Gli ultrasuoni penetrano maggiormente nel grasso rispetto al muscolo (per esempio, la profondità di penetrazione con frequenza di 1 MHz è di 4 cm nel  muscolo e di 31 cm nel grasso). Con gli ultrasuoni è possibile focalizzare l’energia su piccoli volumi anche a notevole profondità. Il problema è legato all’impedenza fra tessuti molli e aria e fra tessuti molli e osso: queste interfacce causano la riflessione quasi completa dell’energia ultrasonica. Il limite all’applicazione clinica degli ultrasuoni è legalo al dolore intollerabile, che non consente di raggiungere temperature utili in oltre il 50% dei pazienti, e che è dovuto al grande assorbimento a livello osseo (relazione presentata da J. Meyer, del Dipartimento di Radioterapia Oncologica, Stanford University, al 5th International Symposium on Hyperthermic Oncology, Kyoto, 1988).

L’ipertermia capacitiva con radiofrequenze si effettua mediante due placche capacitive eccitate da un generatore a radiofrequenze. Esistono attualmente apparecchiature molto sofisticate come il Thermotron, basate su questo principio. Il problema di questa tecnica è legato alla condizione di confine fra strato di grasso e strato di muscolo, che situandosi in parallelo rispetto alle placche provoca un riscaldamento preferenziale del tessuto grasso, con scarsa penetrazione in profondità. Questo metodo può essere applicato con buoni risultati in soggetti con scarso pannicolo adiposo, anche per neoplasie intraddominali. L’ipertermia induttiva con radiofrequenza utilizza applicatori a spirale eccitati da radiofrequenze di 13.56 MHz, in cui le linee del campo elettromagnetico sono coassiali rispetto alla zona da trattare (Magnetrode) (Storm et al., 1983).

Con le tecniche di ipertermia radiativa con microonde (o anche con frequenze più basse), l’energia elettromagnetica è trasferita all’interno del tessuto mediante un’oscillazione di ioni o cambiamenti nell’orientamento magnetico delle molecole, che è localmente convertito in calore. Con questo metodo è possibile trattare neoplasie non più profonde di 5 o 6 cm, a meno che non si ricorra ad applicatori multipli in fase, con configurazione circolare (Annular Phased Array, BSD Medical Corporation, USA). L’MHS (ENEASMA) è un’apparecchiatura per ipertermia di tipo radiativo.
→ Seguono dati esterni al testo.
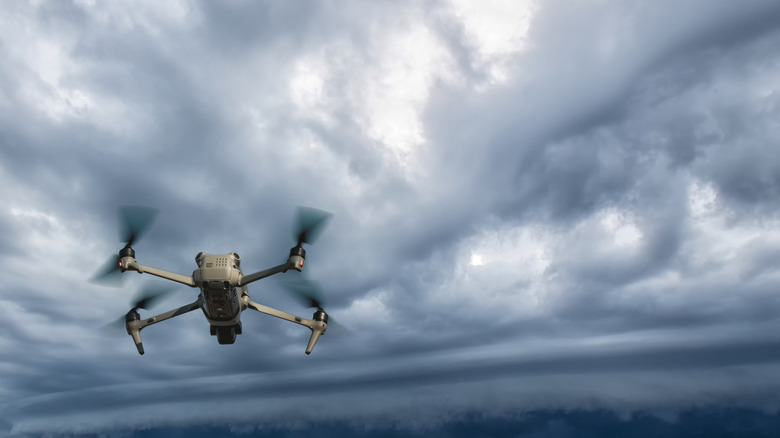 Quadcopter drone flies near rain clouds
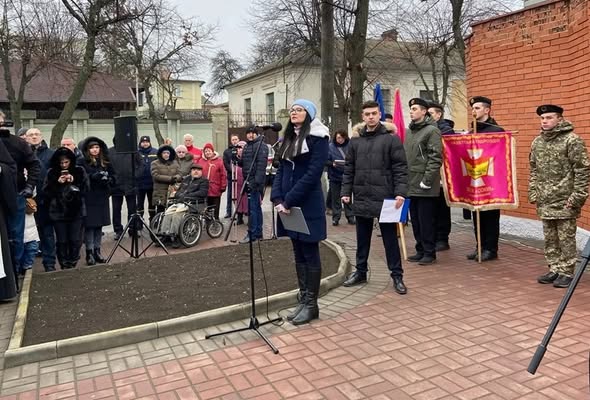 На зображенні видно натовп людей, які зібралися на офіційній церемонії на відкритому повітрі, де жінка виступає біля мікрофона, а молоді люди у формі тримають прапори.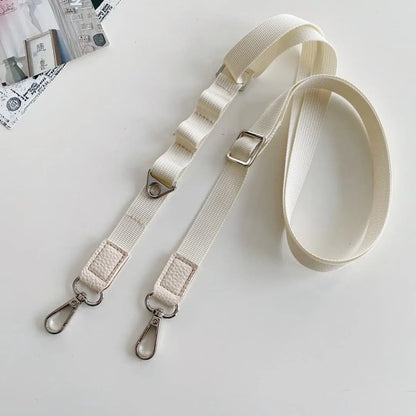 Beige crossbody strap with metal clasps on a light gray background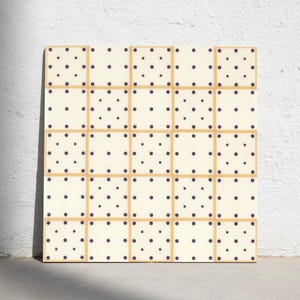 May include: A square tile featuring a grid of twenty-five smaller squares. Each small square is cream-coloured with nine dark purple polka dots arranged in a three-by-three pattern. The grid is outlined by thin, light tan lines separating each square.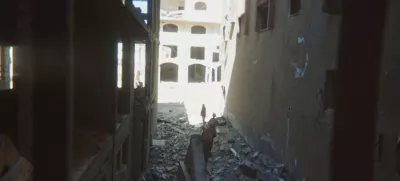 This photo provided by Breaking the Silence, a whistleblower group of former Israeli soldiers, shows two soldiers behind Palestinian detainees being sent into a Gaza City-area house to clear it in 2024. (Breaking the Silence via AP)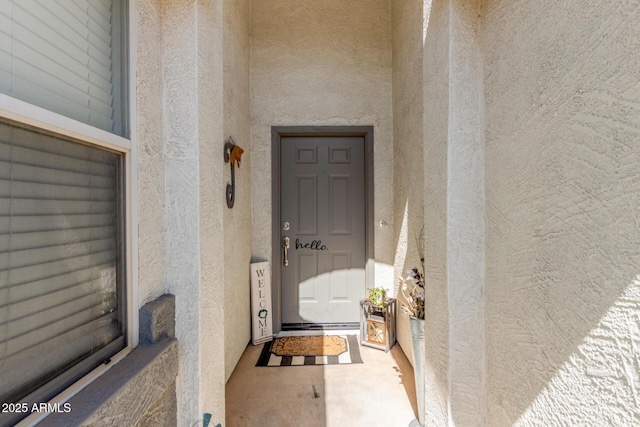 doorway to property featuring stucco siding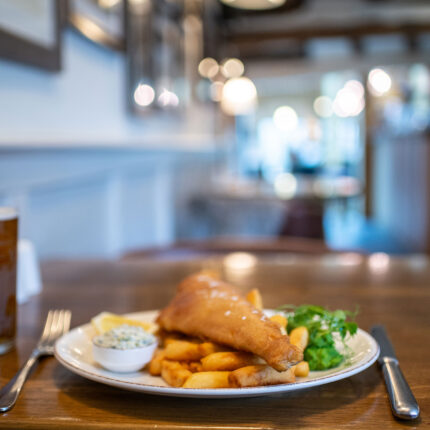 A plate of freshly prepared fish and chips served with mushy peas and tartar sauce on a wooden table inside the Galvin Green Man pub.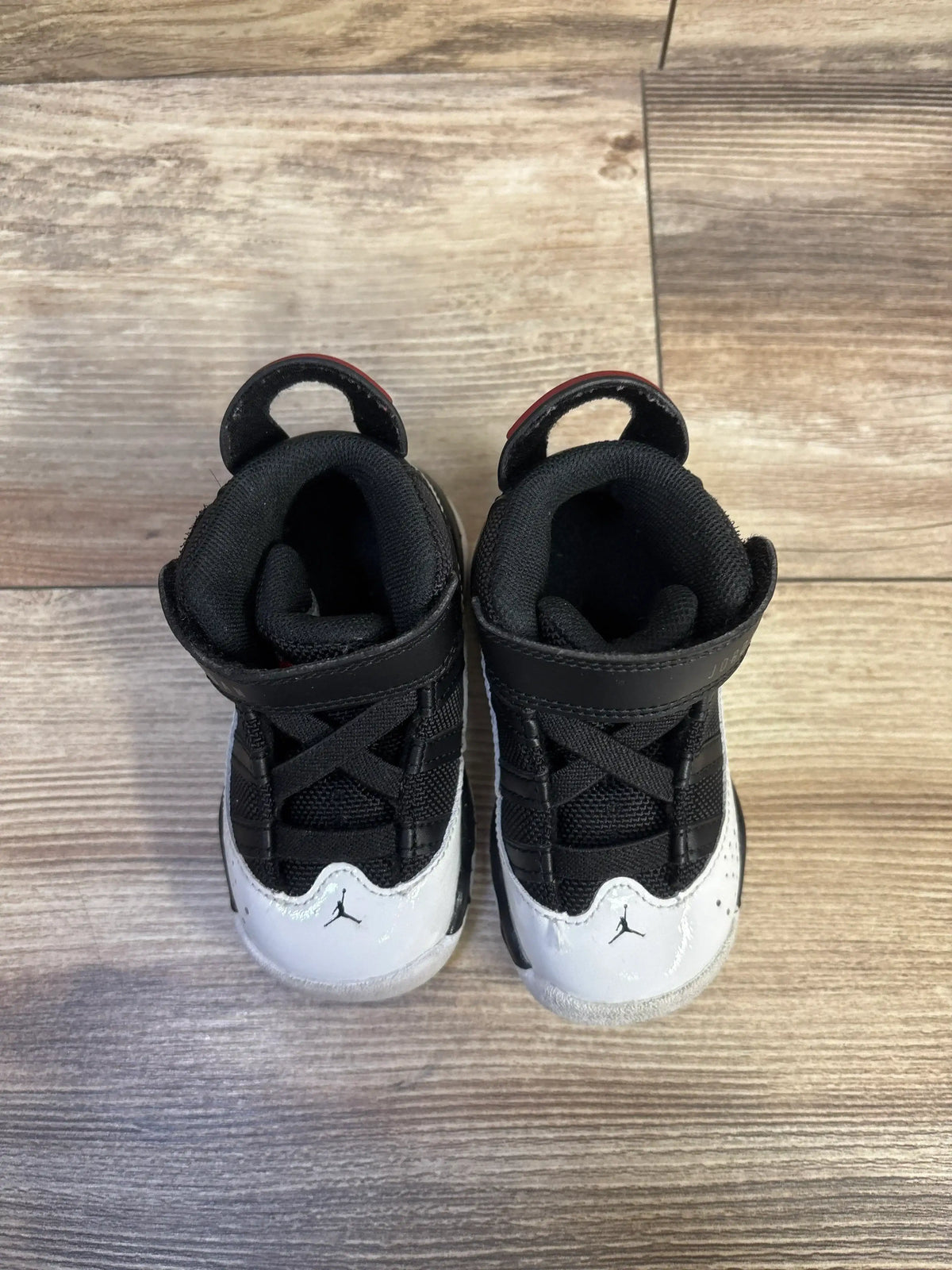 Top view of toddler Air Jordan 6 Rings sneakers with black uppers, white patent toes, Jumpman on toe, and red heel tabs on wood floor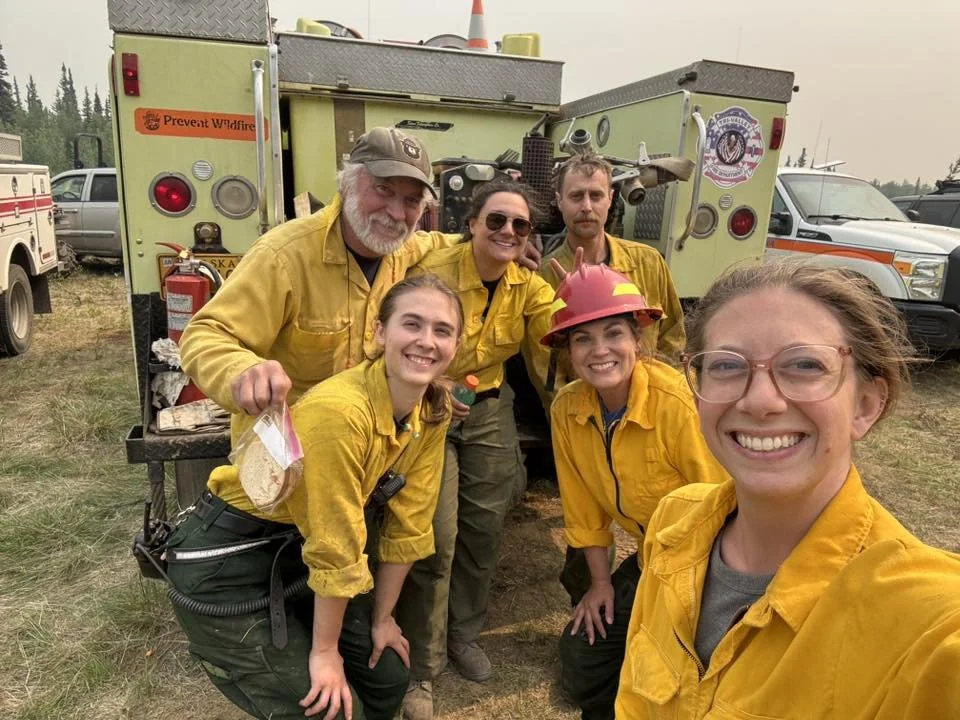 Six firefighters wearing yellow uniforms smiling for a selfie in front of a fire truck with equipment.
Concetto di dose in ipertermia

In radioterapia l’energia assorbita corrisponde alla dose di radiazioni in Gy a cui fa riscontro un determinato effetto biologico. Con l’ipertermia il concetto è diverso, come illustrato da Hahn (1982). Se si considera una coltura di cellule tenute inizialmente a 37 °C e riscaldate repentinamente a 43 °C, il trattamento, che avviene con deposizione di energia, non uccide nessuna cellula. Se invece il sistema viene mantenuto alla temperatura di 43 °C, senza depositare energia, il cell killing sarà semplicemente il risultato del mantenimento delle cellule a una temperatura elevata. Cioè l’effetto biologico del calore dipende dalla temperatura e dal tempo di riscaldamento, mentre l’energia assorbita non può essere usata in modo soddisfacente per prevedere la risposta biologica all’ipertermia.

Attualmente, in accordo con Sapareto e Dewey (1984), si usa descrivere trattamenti ipertermici in minuti equivalenti a 43 °C, usando cioè i 43 °C come temperatura di riferimento. Purtroppo la misurazione della temperatura in ogni punto del tumore è lungi dall’essere ottenuta e solo raramente è possibile riscaldare in modo uniforme una massa tumorale, e quindi è attualmente impossibile raggiungere una reale uniformità di dose. Inoltre la formula di Sapareto e Dewey è valida solo per trattamenti in cui ci siano modeste variazioni intorno a una temperatura prescelta. Esistono numerosi problemi per quel che riguarda le brusche cadute di temperatura; la mancanza di uniformità e l’uso dell’ipertermia in associazione a diverse modalità, come la radioterapia e la chemioterapia, rendono inoltre ancora più difficile la definizione del concetto di dose.

Razionale dell’associazione radioterapia + ipertermia

L’ipertermia come unico trattamento permette di ottenere in clinica risposte solo parziali in circa il 20% dei pazienti (Sannazzari et al., 1986). Esistono però numerosi dati sperimentali e clinici che dimostrano un effetto sinergico con le radiazioni ionizzanti.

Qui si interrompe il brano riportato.